En Norvège arctique, des militants écologistes ont mis fin au blocage de la mine de cuivre de Nussir samedi dernier, après plus de sept mois de zad. Ils dénonçaient l’accaparement polluant de terres autochtones samies par un consortium norvégien, canadien et américain. Mais les activistes n’ont pas vraiment obtenu gain de cause. Ils sont contraints de se retirer faute de moyens pour entretenir leur campement.
Le samedi 24 janvier, le camp climat du Repparfjord, à deux heures du cap Nord en Norvège, a été démonté par ses occupants, 225 jours après son installation. Établi par un mouvement de jeunesse écologiste norvégien et des Sámis, un peuple autochtone, il a servi de base pour protester contre la mine de cuivre Nussir, exploitée par un consortium norvégien, canadien et américain. Épuisés mais heureux d’avoir tenu aussi longtemps, les militants ont retiré leurs lavvos – tentes circulaires traditionnelles en cuir de renne – de leur propre chef. Mais ils ne pouvaient plus continuer, faute de moyens et parce que le lieu reculé en rendait l’entretien difficile.
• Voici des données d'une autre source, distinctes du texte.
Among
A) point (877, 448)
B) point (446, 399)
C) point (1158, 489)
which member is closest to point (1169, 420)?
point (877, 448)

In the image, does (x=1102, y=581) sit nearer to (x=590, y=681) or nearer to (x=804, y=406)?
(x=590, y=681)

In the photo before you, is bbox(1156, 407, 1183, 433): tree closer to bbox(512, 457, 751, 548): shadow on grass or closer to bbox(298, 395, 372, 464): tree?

Un fjord menacé près de la mine de cuivre de Nussir
Le camp a ouvert en juin 2025, quand le forage de la mine Nussir a débuté, sans l’accord des éleveurs de rennes sámis et sans évaluation environnementale valable. Or, en Norvège arctique, les terres appartiennent aux habitants, en particulier aux peuples autochtones, et chaque entreprise doit trouver un accord avec eux avant de lancer des projets miniers ou pétro-gaziers. Les habitants et éleveurs du Repparfjord ont dit ne jamais avoir été consultés. Face à la violation de leurs droits, ils ont plusieurs fois saisi les tribunaux, en vain.
Le groupe minier Nussir ASA – qui a pris le nom de la montagne qu’elle fore, Nussir – et ses nouveaux investisseurs canado-étasuniens étaient déterminés à mener son projet à terme. Mais les activistes et les Samis n’entendaient pas les laisser faire. Et pour cause : la mine menace le Repparfjord, l’un des dix fjords les plus importants de Norvège pour la reproduction des saumons sauvages, et l’un des lieux préférés des pêcheurs amateurs venus du monde entier ainsi que des éleveurs de rennes (pour la transhumance des troupeaux).
Toute forme de vie autour de la mine de cuivre de Nussir pourrait disparaitre à cause d’une décharge sauvage
Comme si ces agressions de la nature ne suffisaient pas, Nussir ASA a prévu de décharger 30 millions de tonnes de déchets et de minerais liés à l’extraction du cuivre sur les vingt prochaines années. C’est dix fois plus que le volume de déchets déversés pendant les premières exploitations, dans les années 1970. Cette décharge pourrait éradiquer toute forme de vie sur plusieurs kilomètres carrés au fond du fjord car le cours d’eau va charrier des métaux lourds et des particules.
Elle pourrait également contaminer les terres des Samis et menacer leur santé. Ce peuple autochtone de 80 000 personnes réparties entre trois pays scandinaves et la Russie, souffrent déjà de plusieurs fléaux. Parmi lesquels les expropriations, les projets miniers, les éoliennes, l’expansion de zones militaires, le racisme ordinaire, l’assimilation planifiée et l’exclusion économico-politique.
Fermeture du camp après des prises de parole
Pendant près de huit mois, écologistes et autochtones ont formé de petits groupes qui se relayaient pour bloquer la mine et éviter des conséquences sur l’environnement. Ces activistes vivaient dans des tentes chauffées par de petits poêles à bois et dormaient sur des peaux de rennes. De cette base opérationnelle, ils ont lancé plusieurs actions de désobéissance civile sur le site de Nussir. Débordée par l’ampleur du blocage, la police locale avait choisi de ne pas intervenir.
C’est donc dans le calme et la bonne humeur que les militants ont décidé par eux-mêmes de lever le camp, après des prises de parole d’éleveurs de rennes et de pêcheurs sámis. Toutefois, la mobilisation a continué le lendemain de leur départ, avec des concerts et des discours dans l’école de la commune de Kvalsund, où s’était aussi établi la plupart des activistes arrivés par bus depuis le sud de la Norvège, l’Europe et même l’Amérique latine.